Segment Start: Given data

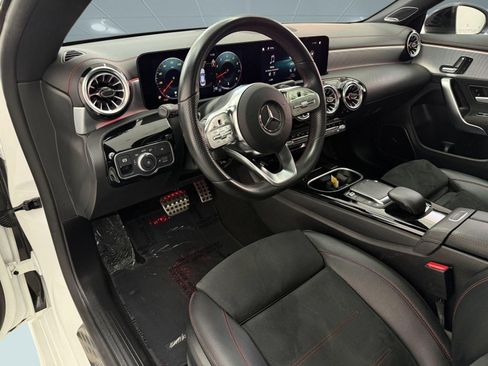 Used 2023 Mercedes-Benz CLA 250 image 4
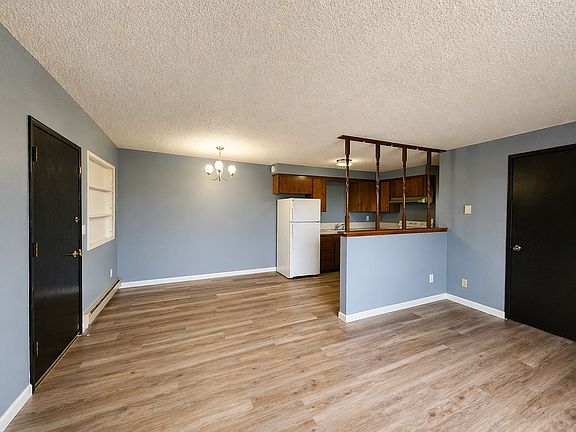 3rd image of 3432 Hoyt Ave #6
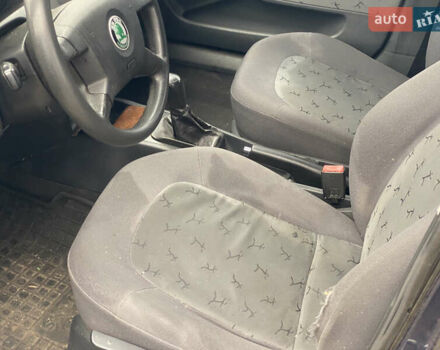 Синий Шкода Фабия, объемом двигателя 1.39 л и пробегом 282 тыс. км за 1200 $, фото 10 на Automoto.ua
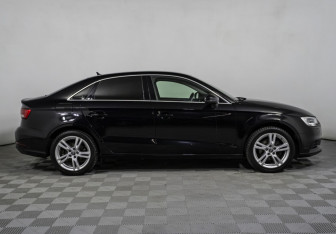 Подержанный автомобиль Audi A3 Sedan 2017 года (4 фото)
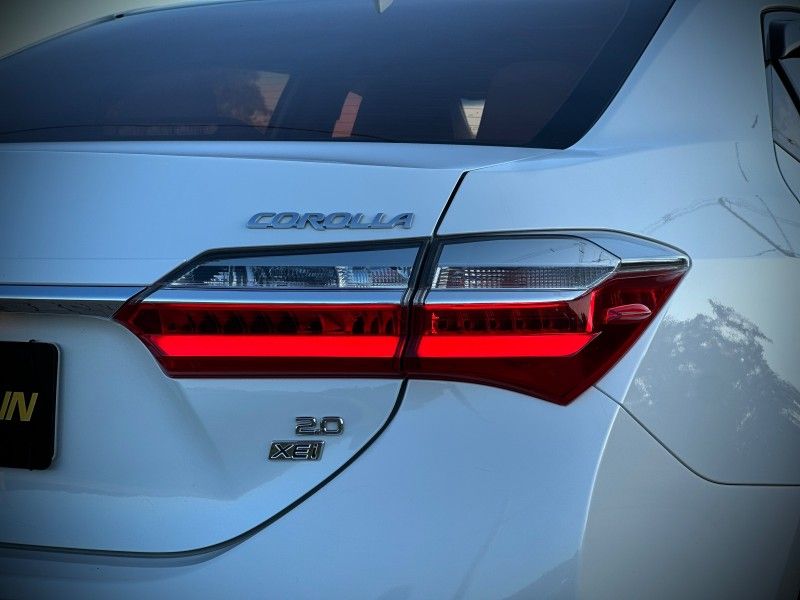 Toyota COROLLA XEi 2.0 2018 NEUMANN VEÍCULOS ARROIO DO MEIO / Carros no Vale Toyota COROLLA XEi 2.0 2018 NEUMANN VEÍCULOS ARROIO DO MEIO / Carros no Vale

Segment End: Given data

__Required work__. Although the records contain pictures, return only their text, exactly as written.

__Problem solution__.
 Used 2023 Mercedes-Benz CLA 250 image 4
 3rd image of 3432 Hoyt Ave #6
 Синий Шкода Фабия, объемом двигателя 1.39 л и пробегом 282 тыс. км за 1200 $, фото 10 на Automoto.ua
 Подержанный автомобиль Audi A3 Sedan 2017 года (4 фото)
 Toyota COROLLA XEi 2.0 2018 NEUMANN VEÍCULOS ARROIO DO MEIO / Carros no Vale Toyota COROLLA XEi 2.0 2018 NEUMANN VEÍCULOS ARROIO DO MEIO / Carros no Vale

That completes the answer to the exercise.